Opinião: É hora de os alemães dizerem basta à espionagem
28 de outubro de 2013Washington, 1972. A sede do Partido Democrata dos Estados Unidos é invadida. Os arrombadores pertenciam aos círculos do presidente Richard Nixon. A tentativa criminosa de adquirir informações sobre a estratégia de campanha eleitoral do grupo oposicionista acabaria custando o cargo ao chefe de Estado republicano, dois anos mais tarde.
Desde então, o escândalo de Watergate constitui uma mancha vergonhosa na cultura política dos EUA. E há quatro décadas o nome é usado como sinônimo para descalabros políticos. Portanto, não é por acaso que o escândalo de espionagem pela Agência de Segurança Nacional (NSA) americana acabou sendo apelidado em Berlim como "Handygate" ("Celulargate", em tradução livre).

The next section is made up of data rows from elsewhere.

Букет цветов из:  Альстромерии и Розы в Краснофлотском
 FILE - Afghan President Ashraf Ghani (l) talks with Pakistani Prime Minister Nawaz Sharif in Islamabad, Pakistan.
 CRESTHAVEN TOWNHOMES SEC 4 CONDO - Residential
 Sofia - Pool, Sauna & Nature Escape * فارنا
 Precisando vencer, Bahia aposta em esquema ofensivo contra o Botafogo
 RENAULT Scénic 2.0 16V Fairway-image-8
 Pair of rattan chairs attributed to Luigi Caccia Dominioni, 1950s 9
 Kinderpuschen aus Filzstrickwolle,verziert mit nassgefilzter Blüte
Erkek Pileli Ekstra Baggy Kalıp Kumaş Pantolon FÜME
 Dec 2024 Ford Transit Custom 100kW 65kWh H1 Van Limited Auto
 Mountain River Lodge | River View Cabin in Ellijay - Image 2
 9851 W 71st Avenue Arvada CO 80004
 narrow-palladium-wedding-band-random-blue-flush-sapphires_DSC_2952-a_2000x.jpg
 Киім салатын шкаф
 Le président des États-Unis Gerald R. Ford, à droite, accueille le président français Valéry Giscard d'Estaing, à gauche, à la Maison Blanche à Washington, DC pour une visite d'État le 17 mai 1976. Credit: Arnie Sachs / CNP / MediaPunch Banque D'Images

Mas quem vai querer comparar a escuta do telefone da chanceler federal Angela Merkel ao escândalo de Watergate? E, no entanto, em princípio a comparação é legítima: na era digital, não é mais preciso pé-de-cabra e lanterna para se arrancarem informações. Os modos de obtenção são outros, o objetivo é o mesmo.
Os americanos fazem tudo o que é possível, mesmo que seja ilegal ou imoral. É o que eles mesmos dizem de si e de suas pretensões de poder. Nesse aspecto, Barack Obama é, acima de tudo, o principal representante dos interesses de seu país – e é por essa perspectiva que olha o mundo. É bem como declarou certa vez o então presidente da França, Charles de Gaulle: os Estados não têm amigos, têm interesses.
E os interesses de Washington são globais. Até onde se sabe, os EUA possuem cerca de 80 centros de interceptação de comunicações ao redor do mundo, dos quais 19 na Europa. Dois cabem à Alemanha, sendo um Berlim, o outro em Frankfurt, centro financeiro e bancário do país. Portanto, um local onde é difícil justificar o monitoramento com o combate ao terrorismo. Tudo leva antes a crer que a intenção seja espionar os círculos das altas finanças. E isso é traição.
Escuta clandestina entre amigos é abuso de poder
A Alemanha tem muito a agradecer aos EUA. Entre outras coisas, os alemães receberam a democracia de presente dos americanos – pois lutar por ela, eles não lutaram. O Plano Marshall é um dos motivos por que o país se tornou o gigante econômico que é, há décadas.
Diante desse pano de fundo histórico, a República Federal da Alemanha – tanto antes como depois da reunificação do país – nunca se emancipou politicamente de Washington por completo. Quase sempre o país se colocou do lado do grande irmão, incondicionalmente. O "não" do ex-premiê Gerhard Schröder à guerra do Iraque foi uma exceção na história recente.
O escândalo de espionagem é, agora, a chance para mais uma cesura. Justamente por a relação Alemanha-Estados Unidos ser tão intensa e indissolúvel, a reação de Berlim deve ser radicalmente nova, no tom e nos atos.
As oportunidades para uma objeção decidida por parte da Alemanha existem. Por exemplo, nas negociações para um tratado de livre comércio entre a União Europeia e os EUA; ou na iniciativa teuto-brasileira de obter uma resolução da ONU contra os americanos.
Independente das consequências, a mensagem deve ser: "Agora chega!" Pois se – passados 70 anos do fim da guerra e 23 da unificação da Alemanha – Washington insiste em se comportar como um invasor digital, então chegou a hora colocar a amizade em questão.